Tía Corina
Justo en el escalón de los 100, esa estadística de los records, a tía Corina se le ocurrió emprender otro camino y dejó al siglo pedaleando en el aire.
Mi tía Corina era –¡cuesta el pretérito!– uno de esos personajes inolvidables que uno trae desde la infancia y juventud como si fueran parte de su cuerpo y, sobre todo, de su alma.
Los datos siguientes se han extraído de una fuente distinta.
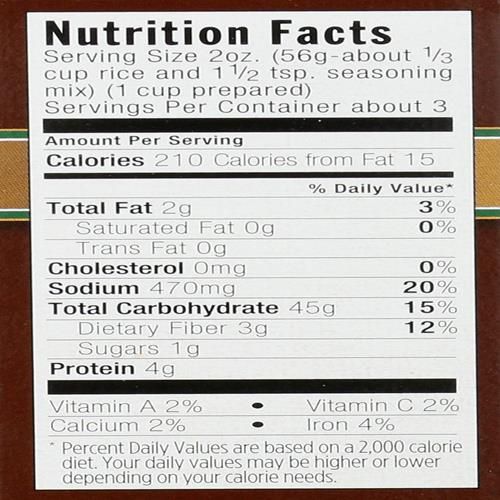 Lundberg Family Farms, Riz Mélangé Complet Jaune Biologique, 170 g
Mamá, su hermana, era una amorosa y sensible mujer de hábitos muy sedentarios. Tía Corina, en cambio, una soltera independiente, inquieta y con una debilidad: su sobrino Horacio –yo, así me llamaba mi familia, por mi segundo nombre– que me constituí en el compañero de sus salidas por la ciudad. De manera que Buenos Aires comenzó a revelarme sus cúpulas, museos, cines, parques, confiterías y avenidas a muy temprana edad, de su mano, la hábil mano de modista de exquisito buen gusto que me transmitió en tierna ósmosis los primeros peldaños estéticos.
Aquella compinchería cotidiana se prolongó hasta que el pichón emprendió vuelo y la frecuencia fue dejando lugares y distancias donde la tía hizo su hogar y Horacito el propio. Las ramas de aquel árbol que nos vio crecer juntos se fueron abriendo con el tiempo y la distancia, pero las raíces comunes dejaron su huella de amor…
Hay un último encuentro, imborrable. Hace ocho años –entonces ya tenía 91– en el castillo de Alicante, España, donde dio lecciones de vitalidad a la juvenil tropilla familiar y hasta tuvo la serena apertura mental, en un íntimo tête-à-tête, para intercambiar pareceres sobre nuestras divergencias políticas: ¡Genio y figura…!
Hoy, mi tía/mamá, como siempre le dije cariñosamente, partió en resignada paz, luego del desayuno de un día común, aun limitadamente activo. Seguramente sintió que era la hora y entornó mansamente sus ojos. Eran las doce menos veinte del 29 de octubre en Vitoria, País Vasco, España.